**TASK BRIEF**
Starting at the line that contains "Scheveningen Sunset by Tom Roeleveld", retype each line to the end of the listing below. Include both ends, but not the pictures.

**RECORD SET**
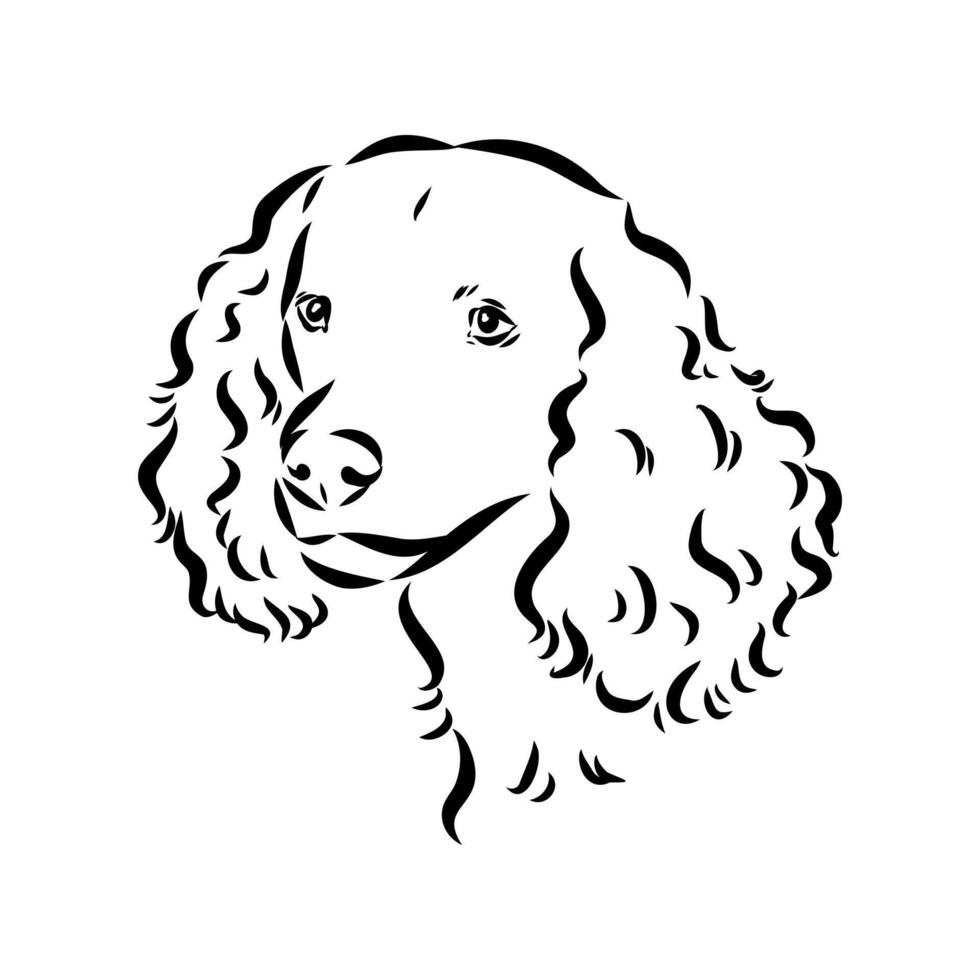 Spaniel dog sketch vector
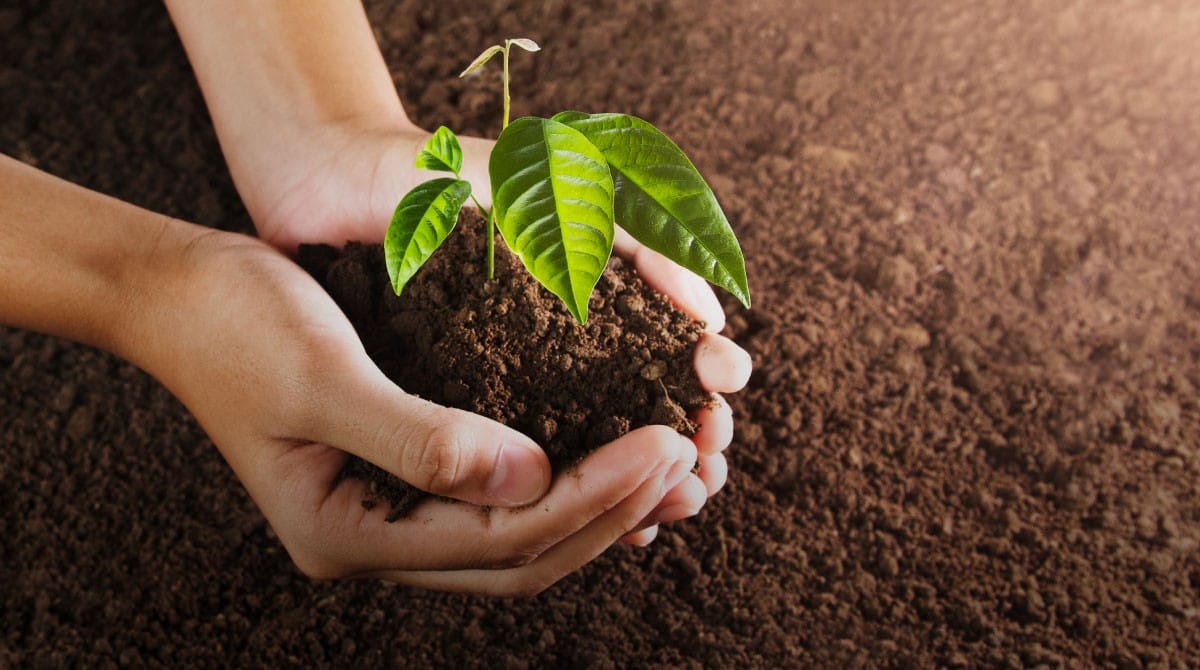 300 Trees in California for CloudCasa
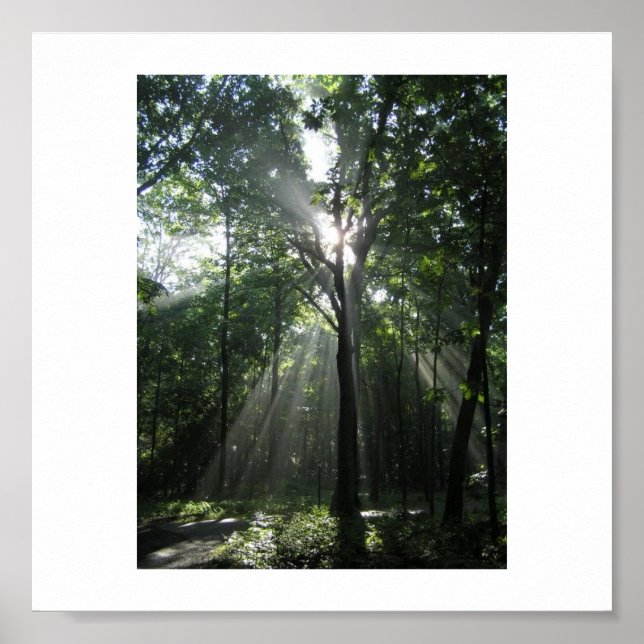 Sun Rays, Misty Morning Poster (Front)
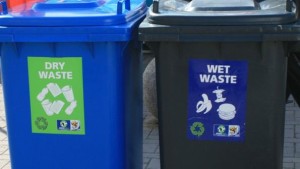 dry and wet waste bins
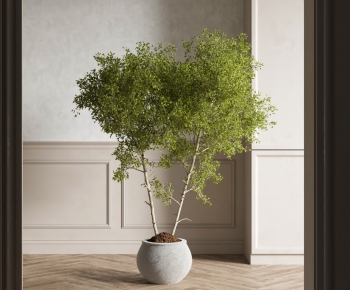 Modern Ground Green Plant Potted Plants-ID:560427909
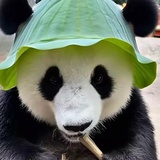 晴天阴天下雨天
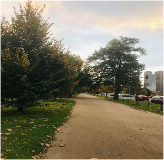 Reconnecting urban residents with nature through aesthetic and biodiverse experiences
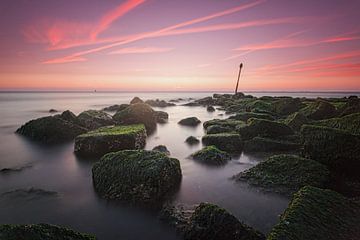 Scheveningen Sunset by Tom Roeleveld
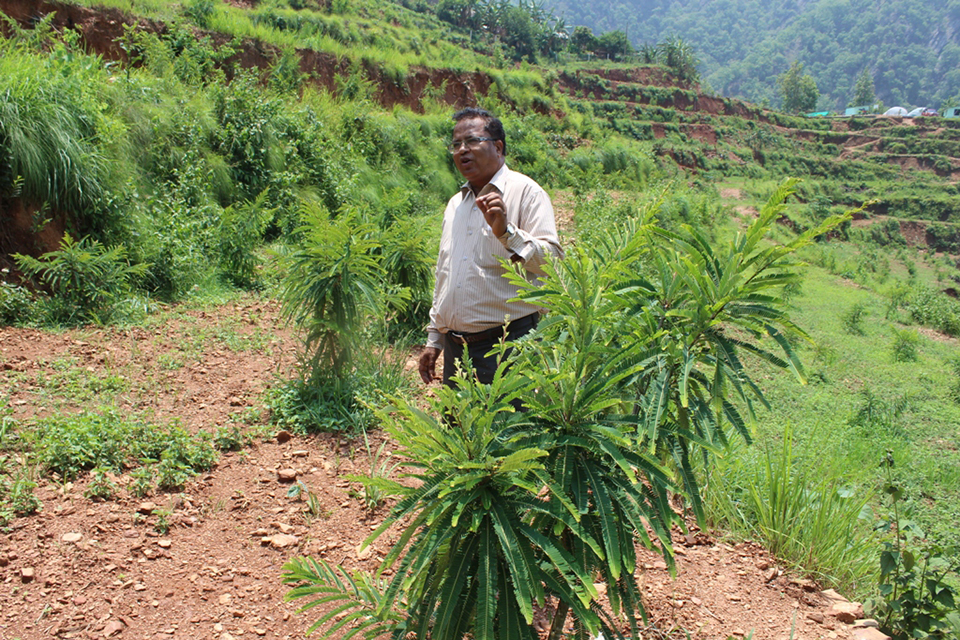 Nepal missing opportunity to earn from local herbs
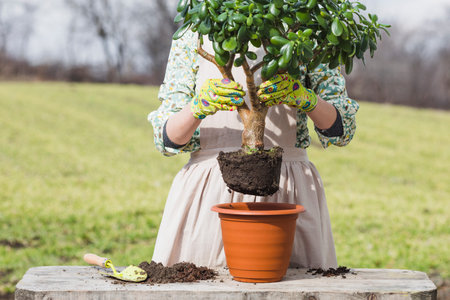 portrait woman gardeningの写真素材
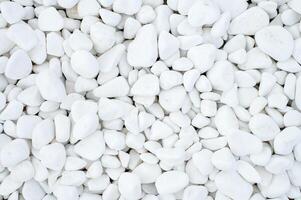 Pure texture of white pebbles. Small stones on the ground. photo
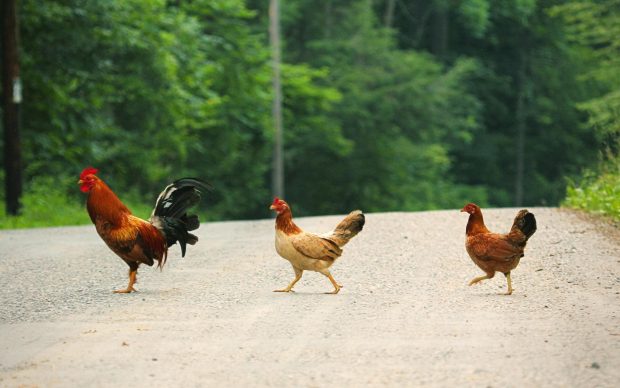 Chicken Photos HD.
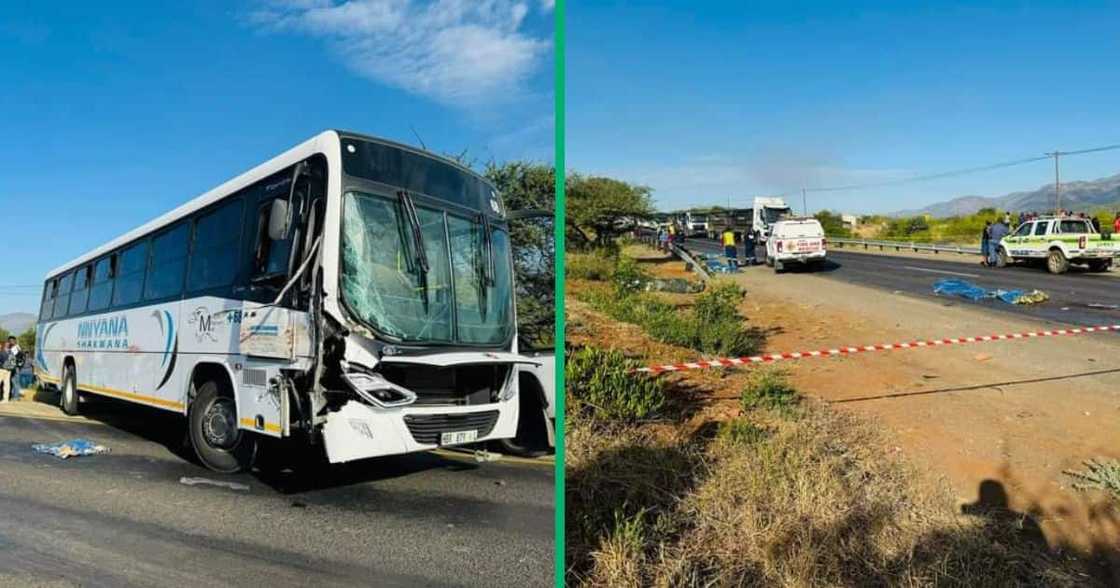 Eight people died in a Limpopo accident between a bus and a truck Eight people died in a Limpopo accident between a bus and a truck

**REPLY TO THE EXERCISE**
 Scheveningen Sunset by Tom Roeleveld
 Nepal missing opportunity to earn from local herbs
 portrait woman gardeningの写真素材
 Pure texture of white pebbles. Small stones on the ground. photo
 Chicken Photos HD.
 Eight people died in a Limpopo accident between a bus and a truck Eight people died in a Limpopo accident between a bus and a truck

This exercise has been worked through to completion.